**Work to be completed:** Could you print every record below exactly as it appears?

Stored dataset items:
Start of Block

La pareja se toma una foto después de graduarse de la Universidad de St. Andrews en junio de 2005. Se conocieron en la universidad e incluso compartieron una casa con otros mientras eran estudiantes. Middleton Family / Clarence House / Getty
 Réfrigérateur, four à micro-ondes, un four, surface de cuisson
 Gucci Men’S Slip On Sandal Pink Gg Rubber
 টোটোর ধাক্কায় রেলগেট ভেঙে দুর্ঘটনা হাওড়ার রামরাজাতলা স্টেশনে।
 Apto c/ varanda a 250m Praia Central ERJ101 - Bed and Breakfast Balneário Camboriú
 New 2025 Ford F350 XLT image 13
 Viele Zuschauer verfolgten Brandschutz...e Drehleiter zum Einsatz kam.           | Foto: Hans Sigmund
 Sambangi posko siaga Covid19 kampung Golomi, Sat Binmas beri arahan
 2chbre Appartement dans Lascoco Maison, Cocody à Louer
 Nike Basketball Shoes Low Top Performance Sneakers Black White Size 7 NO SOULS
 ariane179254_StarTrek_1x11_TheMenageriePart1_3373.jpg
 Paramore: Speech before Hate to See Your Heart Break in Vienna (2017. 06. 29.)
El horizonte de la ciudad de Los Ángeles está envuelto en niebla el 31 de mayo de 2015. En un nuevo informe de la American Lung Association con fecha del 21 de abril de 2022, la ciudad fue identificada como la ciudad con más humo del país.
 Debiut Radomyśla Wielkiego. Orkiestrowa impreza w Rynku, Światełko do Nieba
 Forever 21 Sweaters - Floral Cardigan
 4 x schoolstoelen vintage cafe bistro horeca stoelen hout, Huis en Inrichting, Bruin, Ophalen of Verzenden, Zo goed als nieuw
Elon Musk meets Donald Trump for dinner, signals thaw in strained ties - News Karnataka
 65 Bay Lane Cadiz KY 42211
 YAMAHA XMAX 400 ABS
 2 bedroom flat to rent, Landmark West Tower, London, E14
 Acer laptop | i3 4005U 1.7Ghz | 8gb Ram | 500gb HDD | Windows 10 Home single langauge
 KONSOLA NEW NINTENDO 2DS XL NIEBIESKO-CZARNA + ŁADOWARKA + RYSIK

End of Block

**Response to this task:**
La pareja se toma una foto después de graduarse de la Universidad de St. Andrews en junio de 2005. Se conocieron en la universidad e incluso compartieron una casa con otros mientras eran estudiantes. Middleton Family / Clarence House / Getty
 Réfrigérateur, four à micro-ondes, un four, surface de cuisson
 Gucci Men’S Slip On Sandal Pink Gg Rubber
 টোটোর ধাক্কায় রেলগেট ভেঙে দুর্ঘটনা হাওড়ার রামরাজাতলা স্টেশনে।
 Apto c/ varanda a 250m Praia Central ERJ101 - Bed and Breakfast Balneário Camboriú
 New 2025 Ford F350 XLT image 13
 Viele Zuschauer verfolgten Brandschutz...e Drehleiter zum Einsatz kam.           | Foto: Hans Sigmund
 Sambangi posko siaga Covid19 kampung Golomi, Sat Binmas beri arahan
 2chbre Appartement dans Lascoco Maison, Cocody à Louer
 Nike Basketball Shoes Low Top Performance Sneakers Black White Size 7 NO SOULS
 ariane179254_StarTrek_1x11_TheMenageriePart1_3373.jpg
 Paramore: Speech before Hate to See Your Heart Break in Vienna (2017. 06. 29.)
El horizonte de la ciudad de Los Ángeles está envuelto en niebla el 31 de mayo de 2015. En un nuevo informe de la American Lung Association con fecha del 21 de abril de 2022, la ciudad fue identificada como la ciudad con más humo del país.
 Debiut Radomyśla Wielkiego. Orkiestrowa impreza w Rynku, Światełko do Nieba
 Forever 21 Sweaters - Floral Cardigan
 4 x schoolstoelen vintage cafe bistro horeca stoelen hout, Huis en Inrichting, Bruin, Ophalen of Verzenden, Zo goed als nieuw
Elon Musk meets Donald Trump for dinner, signals thaw in strained ties - News Karnataka
 65 Bay Lane Cadiz KY 42211
 YAMAHA XMAX 400 ABS
 2 bedroom flat to rent, Landmark West Tower, London, E14
 Acer laptop | i3 4005U 1.7Ghz | 8gb Ram | 500gb HDD | Windows 10 Home single langauge
 KONSOLA NEW NINTENDO 2DS XL NIEBIESKO-CZARNA + ŁADOWARKA + RYSIK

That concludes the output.